Que en verano las escuelas cierren casi tres meses dejando en la calle a la población escolar es un trastorno colectivo, comparado con el cual las huelgas de médicos dan risa. De esta costumbre perniciosa, las víctimas notorias son los padres, obligados a compaginar sus trabajos con unas tareas hogareñas amplificadas y desorganizadas y, por añadidura, a entretener a unos hijos que carecen de iniciativa en este terreno o que tienen unas ideas que más vale cortar de raíz. Que esto es así lo prueba el hecho de que los ricos resuelven el problema y los pobres, no. Los padres ricos envían a sus hijos al extranjero, tienen segundas y terceras residencias, y los huecos los cubre el club de tenis. Los menos afortunados recurren a breves colonias estivales, exiguo apartamento en la playa, piscina municipal y sobredosis de paciencia y energía.

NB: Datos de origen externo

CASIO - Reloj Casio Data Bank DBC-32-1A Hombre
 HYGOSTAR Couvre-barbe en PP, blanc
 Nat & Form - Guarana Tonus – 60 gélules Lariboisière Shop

Pero aun así, este tormento lacerante es menor que el infligido a los alumnos. La infancia es una etapa presidida por la inseguridad y el aburrimiento. Para un niño, la plena ocupación rutinaria y benévola es, a lo sumo, un mal menor. Dejado a su arbitrio, el mundo se le viene encima. Como un axioma trasnochado equipara la escuela a la cárcel; todos los niños del mundo esperan las vacaciones con una ilusión que luego, enfrentada a la insulsa realidad, les hace creer que no son capaces de disfrutar tanto como deberían y como sin duda disfrutan los demás. Esto redobla su malestar y tiñe de insatisfacción su vida adulta. Sin herramientas intelectuales para rebelarse contra las ideas recibidas, van a desgana a colonias y cursillos, e incluso creen divertirse cuando sólo están matando el tiempo delante del ordenador. Como en la escuela, mal que bien, se ejercita la inteligencia y se inculca el conocimiento, este aprendizaje del embrutecimiento cumple una función social, pero es nefasto a nivel individual, porque sólo la razón da sentido a la vida, mal que les pese a ciertos ideólogos y a las empresas de venta al por menor.
El trabajo de los maestros es extenuante, a menudo ingrato, y necesitan y merecen un largo descanso. Pero se podría organizar de otra manera. Al fin y al cabo, también los maestros tienen hijos, y ahora están contando los días que faltan para que empiece el curso.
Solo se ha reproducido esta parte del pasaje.